The UK is to host the International Defence Esports Games – for serving military personnel with a focus on developing skills in cyber readiness, human–machine teaming and decision-making that are key to modern warfare. Set for Sunderland, in collaboration with over 40 allied nations, the competition will employ an esports framework to see how quickly, accurately and efficiently teams can work together under pressure.
Why Esports Works for the Modern Battlefield
Today’s operations are more data-driven and time-compressed, whether it’s in countering cyber intrusions or coordinating drone swarms. Esports offers a low-stakes way to practise those dynamics. Studies at the University of Rochester, as well as other research labs, show that action video game players have faster decision-making abilities and stronger visual attention without sacrificing accuracy, a skill highly valued in fields like electronic warfare, air defence monitoring and unmanned systems teleoperation.

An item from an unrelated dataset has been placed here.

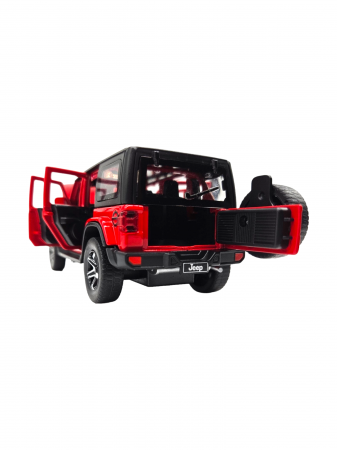 Masina metalica Jeep Rubicon, Sunete realistice, Farurile si stopurile lumineaza, Usile, capota si portbagajul se deschid, Baterii incluse, 15cm, Rosu, Scara 1:32, Replica [5]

Interest in skills gleaned from gaming has been accelerated by conflict, especially “real-world” combat. The extensive use of cheap drones and game-like simulators in Ukraine has echoed weapons innovations from past conflicts that had lasting effects long after fighting ceased, including the introduction of tanks and assault rifles. NATO’s Cooperative Cyber Defence Centre of Excellence also frequently conducts exercises — such as Locked Shields, for instance — to tell us how the gamified scenarios are enhancing cross-border defence coordination with live-fire cyber ranges.
Inside the International Defence Esports Games
Based in Sunderland, the site of the National Esports Performance Campus, the competition is set to combine mainstream esports games with bespoke cyber challenges and command-and-control exercises designed to test contestants on communication skills, pattern recognition and quick triage. British organisers are collaborating with similar teams of allies, including those from Canada and Poland, to shape formats that resemble what they call real operational tasks: distributed decision-making; the sharing of information; mission rehearsals under load on cognition.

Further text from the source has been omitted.